_Exercise_: Look through the listing below and write out exactly the lines from the line with "EDGE Mag Pro" to the line with "Чохол Airpods Pro", both included, and no others.

_Records provided_:
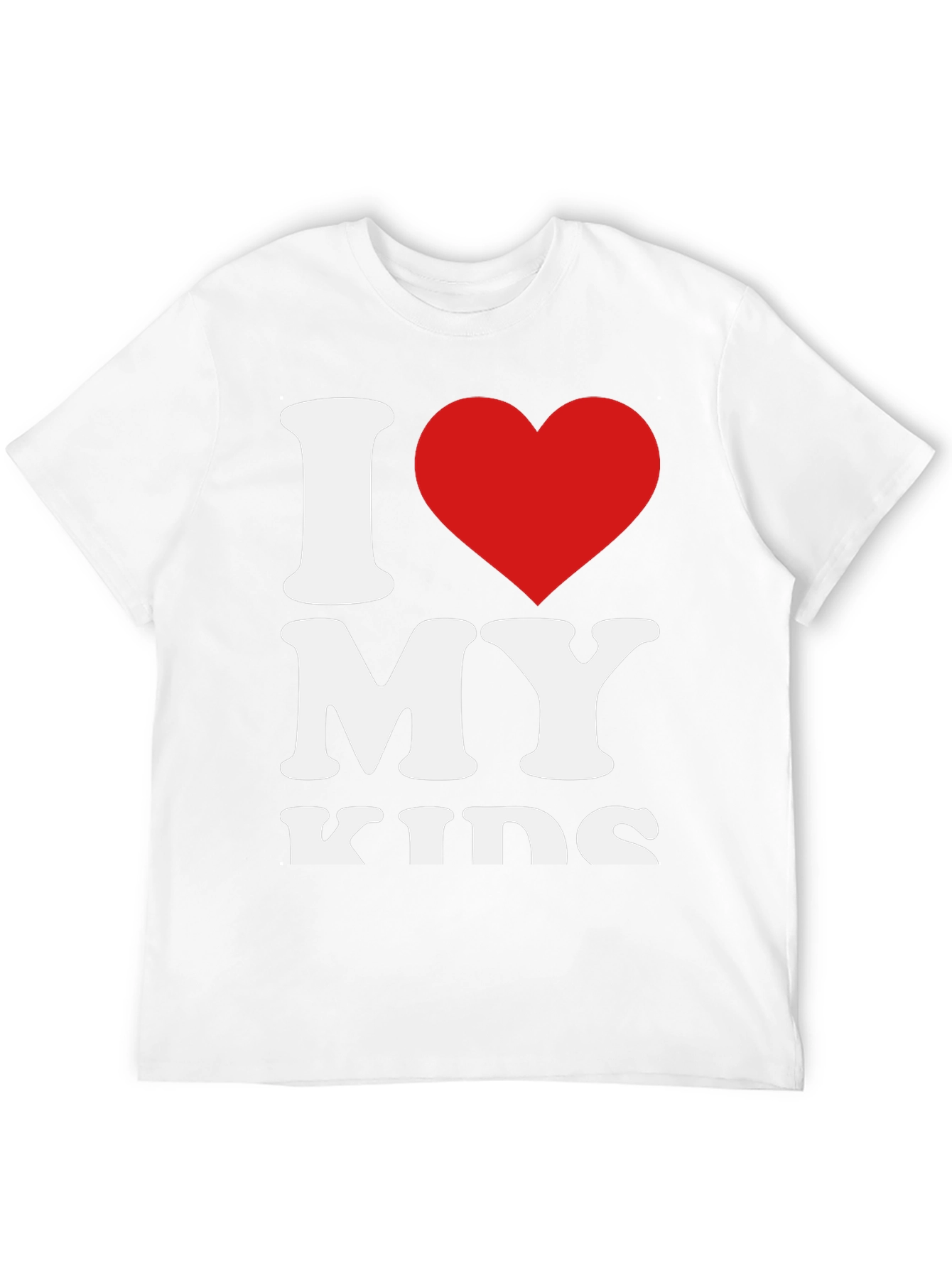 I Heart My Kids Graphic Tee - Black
---
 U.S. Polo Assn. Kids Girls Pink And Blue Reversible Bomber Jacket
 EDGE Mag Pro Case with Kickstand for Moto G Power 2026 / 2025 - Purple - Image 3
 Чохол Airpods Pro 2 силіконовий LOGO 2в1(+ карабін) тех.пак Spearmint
...
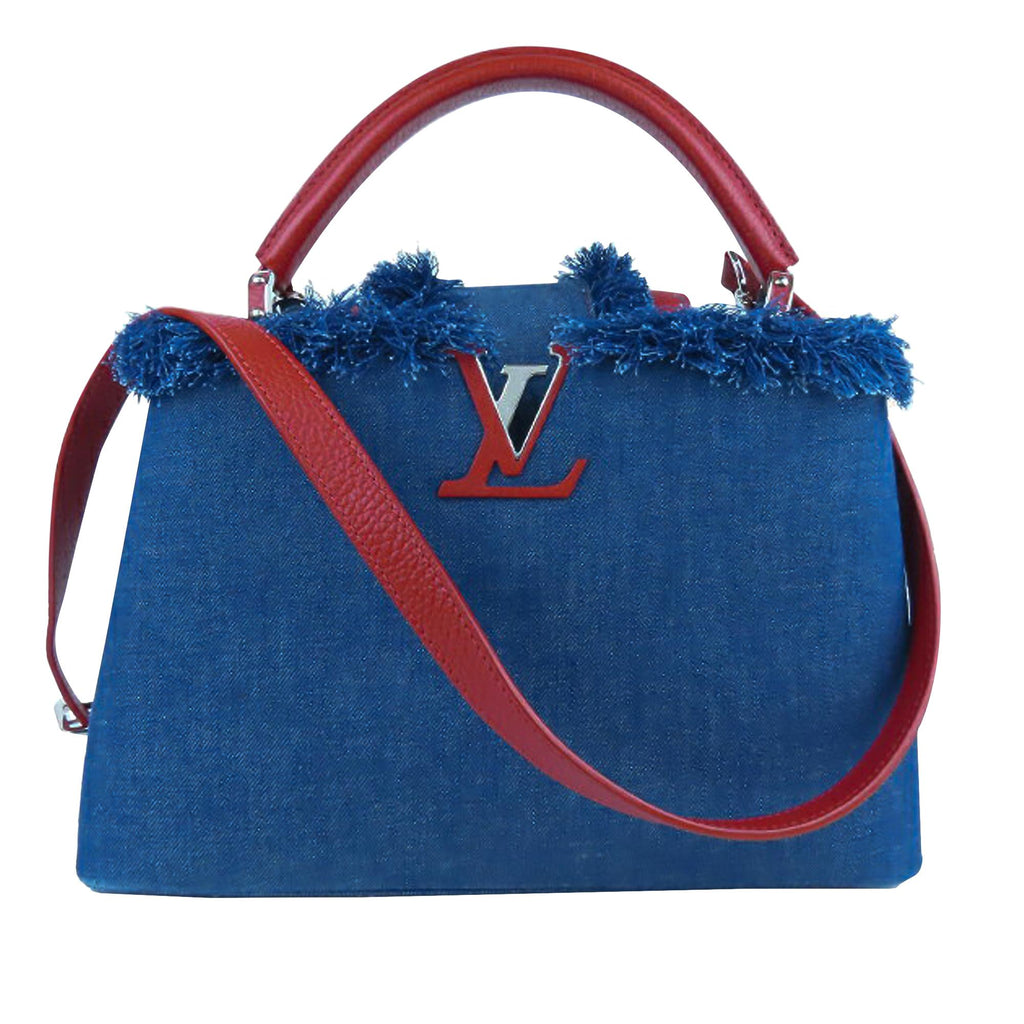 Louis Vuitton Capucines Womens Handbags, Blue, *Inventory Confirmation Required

_Solution for this task_:
 EDGE Mag Pro Case with Kickstand for Moto G Power 2026 / 2025 - Purple - Image 3
 Чохол Airpods Pro 2 силіконовий LOGO 2в1(+ карабін) тех.пак Spearmint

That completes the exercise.